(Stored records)

---+---

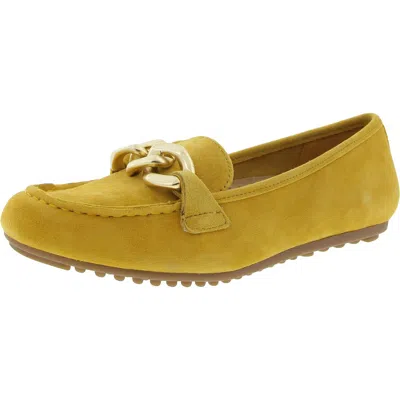 Bella Vita Womens Chain Leather Flat Shoes In Multi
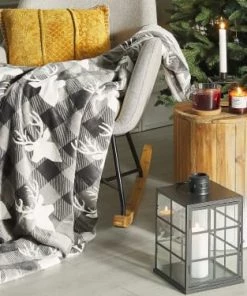 Beliani Couvertures Couverture En Polyester Gris 200x150cm -Couvre-lits Soldes 2022 couverture en polyester gris 200x150cm 16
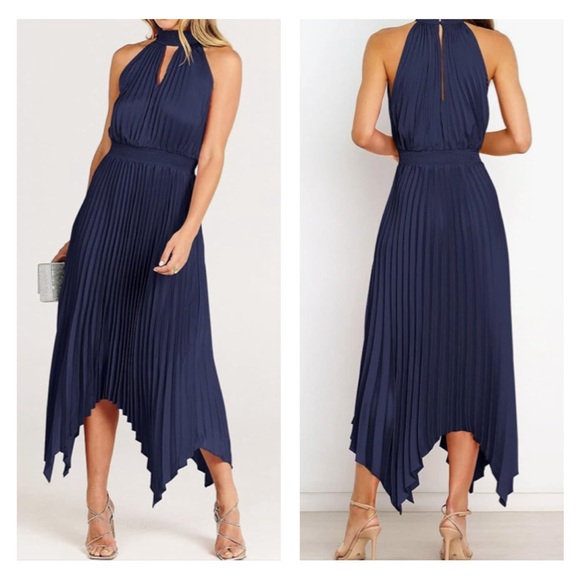 Blue Sleeveless Pleated Skirt Asymmetrical Hem Satin Look Midi Dress - Picture 2 of 2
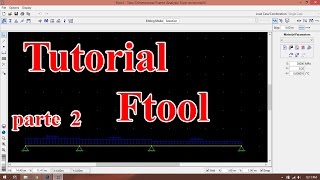 Tutorial Ftool 26  apoios rótulas parâmetros do material propriedades da seção [upl. by Luar]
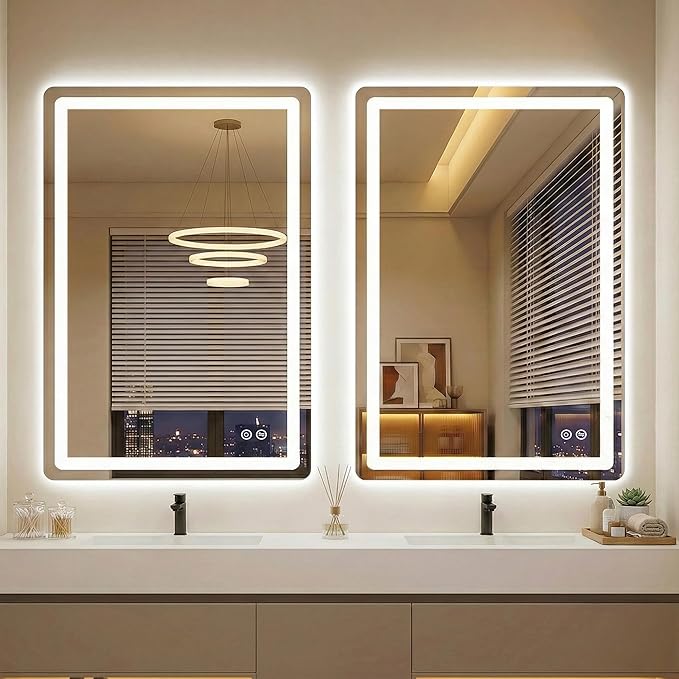 LED Bathroom Vanity Mirror with Light, 2pack 36"x24" Led Bathroom Vanity Mirror with Light for Wall, Anti-Fog, Dimmable 3 Colors, Memory Function, Backlit and Front Lit, Plug-in/Hardwired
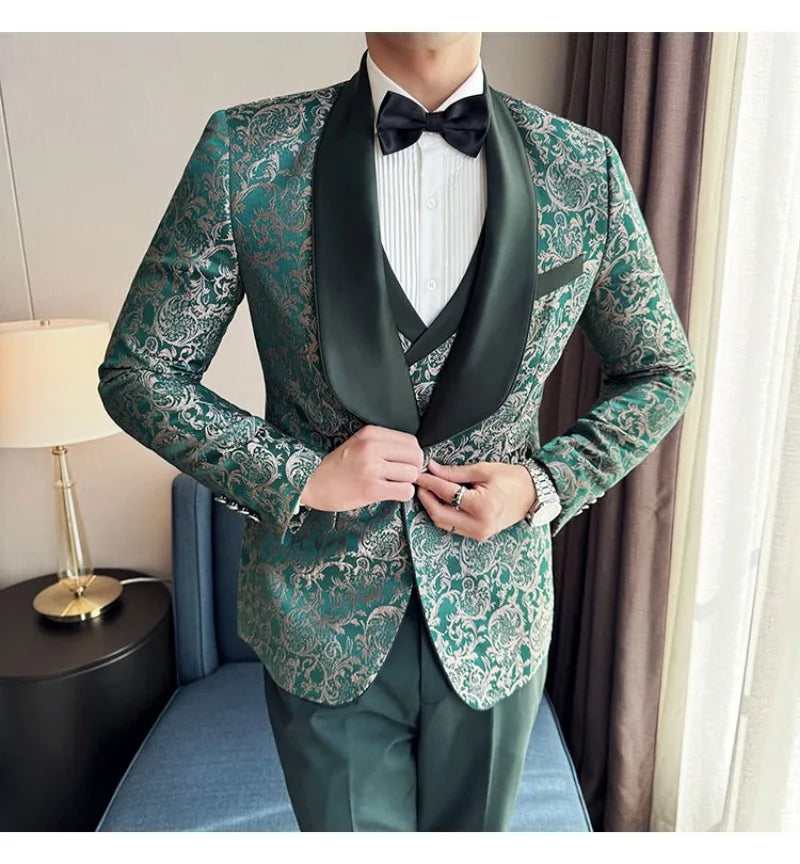 Spring  Men's British Style Business Casual Three-Piece Suit .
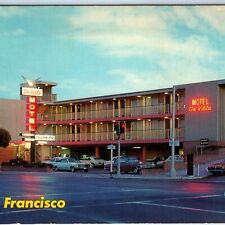 c1970s San Francisco, CA Motel De Ville Night Neon US Hwy 101 Pontiac Chevy A178 picture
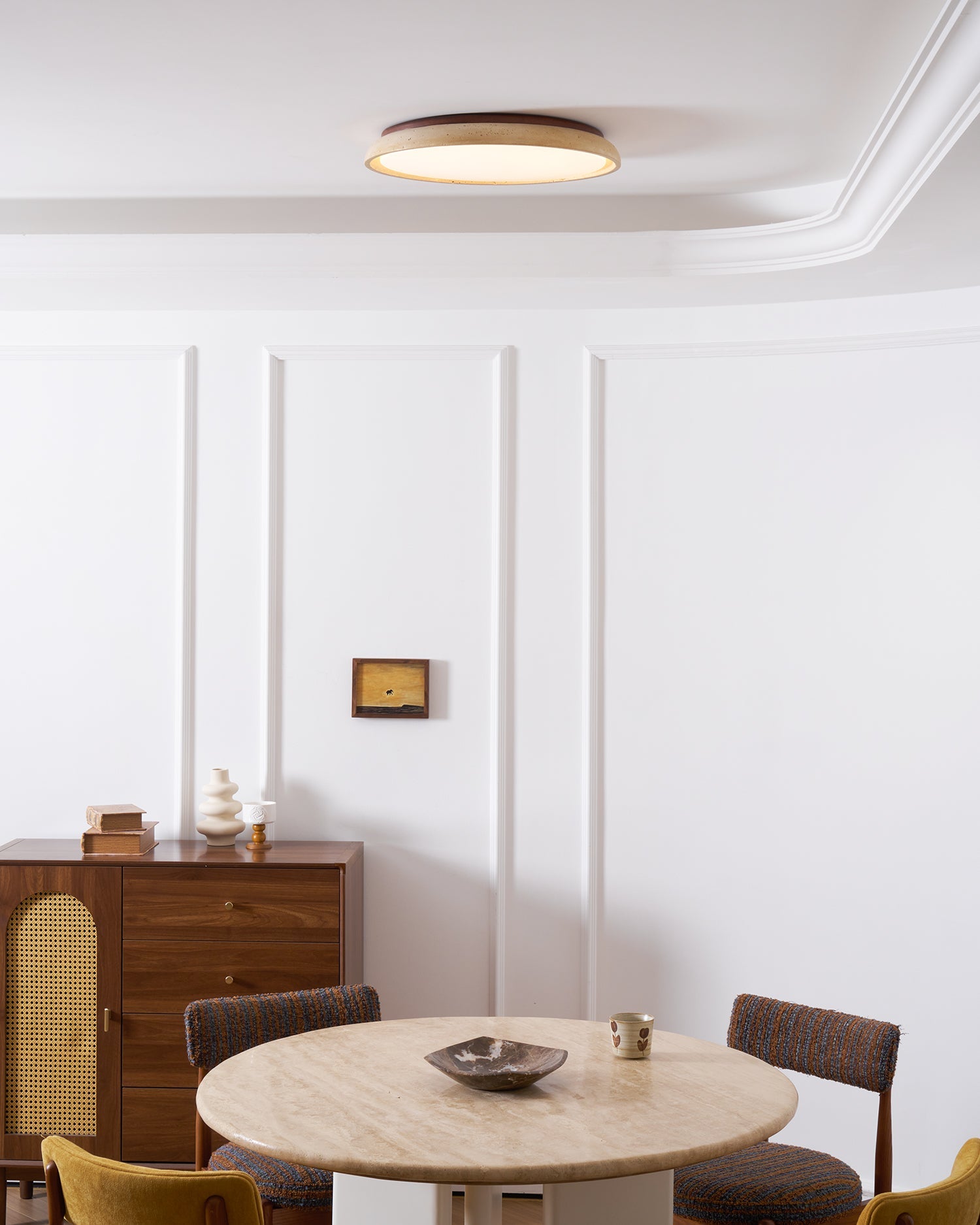 Ceiling Light Travertine Stone 11.8 in Flush Mount Beige Bedroom Hallway LED Modern Minimalist Fixture | Thomler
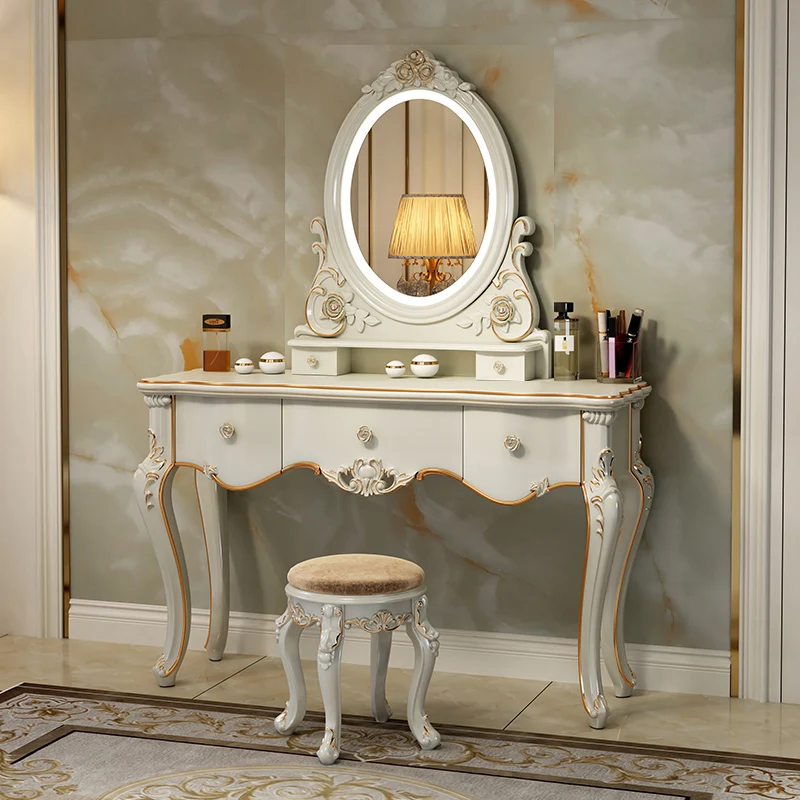 Luxury Girl Dressing Table White Vanity European Modern Dressers Sets Mirror Penteadeira Bedroom Furniture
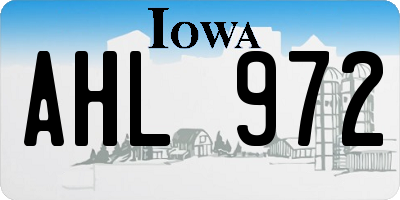 IA license plate AHL972
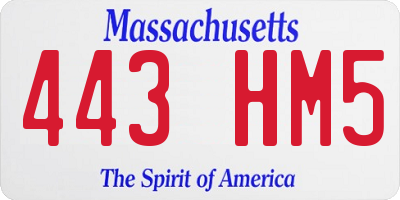 MA license plate 443HM5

---+---

§ Task description: Pictures aside, repeat each entry in full and without change.

§ Response:
 Bella Vita Womens Chain Leather Flat Shoes In Multi
 Beliani Couvertures Couverture En Polyester Gris 200x150cm -Couvre-lits Soldes 2022 couverture en polyester gris 200x150cm 16
 Blue Sleeveless Pleated Skirt Asymmetrical Hem Satin Look Midi Dress - Picture 2 of 2
 Tutorial Ftool 26  apoios rótulas parâmetros do material propriedades da seção [upl. by Luar]
 LED Bathroom Vanity Mirror with Light, 2pack 36"x24" Led Bathroom Vanity Mirror with Light for Wall, Anti-Fog, Dimmable 3 Colors, Memory Function, Backlit and Front Lit, Plug-in/Hardwired
 Spring  Men's British Style Business Casual Three-Piece Suit .
 c1970s San Francisco, CA Motel De Ville Night Neon US Hwy 101 Pontiac Chevy A178 picture
 Ceiling Light Travertine Stone 11.8 in Flush Mount Beige Bedroom Hallway LED Modern Minimalist Fixture | Thomler
 Luxury Girl Dressing Table White Vanity European Modern Dressers Sets Mirror Penteadeira Bedroom Furniture
 IA license plate AHL972
 MA license plate 443HM5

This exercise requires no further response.